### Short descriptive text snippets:
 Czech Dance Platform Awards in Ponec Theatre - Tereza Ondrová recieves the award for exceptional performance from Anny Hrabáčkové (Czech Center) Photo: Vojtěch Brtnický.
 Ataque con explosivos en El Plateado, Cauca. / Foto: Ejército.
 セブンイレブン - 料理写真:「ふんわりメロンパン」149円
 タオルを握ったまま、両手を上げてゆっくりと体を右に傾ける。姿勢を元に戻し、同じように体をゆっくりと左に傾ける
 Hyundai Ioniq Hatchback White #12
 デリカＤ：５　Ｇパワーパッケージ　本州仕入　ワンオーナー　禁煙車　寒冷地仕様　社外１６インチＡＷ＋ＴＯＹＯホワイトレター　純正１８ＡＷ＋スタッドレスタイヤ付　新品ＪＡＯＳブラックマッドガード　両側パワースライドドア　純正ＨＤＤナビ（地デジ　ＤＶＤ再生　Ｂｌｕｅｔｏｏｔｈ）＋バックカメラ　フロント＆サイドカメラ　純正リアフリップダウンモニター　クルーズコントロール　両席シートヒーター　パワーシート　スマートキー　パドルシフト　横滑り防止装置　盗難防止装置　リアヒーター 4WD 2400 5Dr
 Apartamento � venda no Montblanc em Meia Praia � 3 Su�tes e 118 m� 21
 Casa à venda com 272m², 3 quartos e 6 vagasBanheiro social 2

### Exercise:
Lines from the one with "4WD 2400 5Dr" through the end of the data: set these down exactly, including both ends and nothing more.

### Answer box:
 デリカＤ：５　Ｇパワーパッケージ　本州仕入　ワンオーナー　禁煙車　寒冷地仕様　社外１６インチＡＷ＋ＴＯＹＯホワイトレター　純正１８ＡＷ＋スタッドレスタイヤ付　新品ＪＡＯＳブラックマッドガード　両側パワースライドドア　純正ＨＤＤナビ（地デジ　ＤＶＤ再生　Ｂｌｕｅｔｏｏｔｈ）＋バックカメラ　フロント＆サイドカメラ　純正リアフリップダウンモニター　クルーズコントロール　両席シートヒーター　パワーシート　スマートキー　パドルシフト　横滑り防止装置　盗難防止装置　リアヒーター 4WD 2400 5Dr
 Apartamento � venda no Montblanc em Meia Praia � 3 Su�tes e 118 m� 21
 Casa à venda com 272m², 3 quartos e 6 vagasBanheiro social 2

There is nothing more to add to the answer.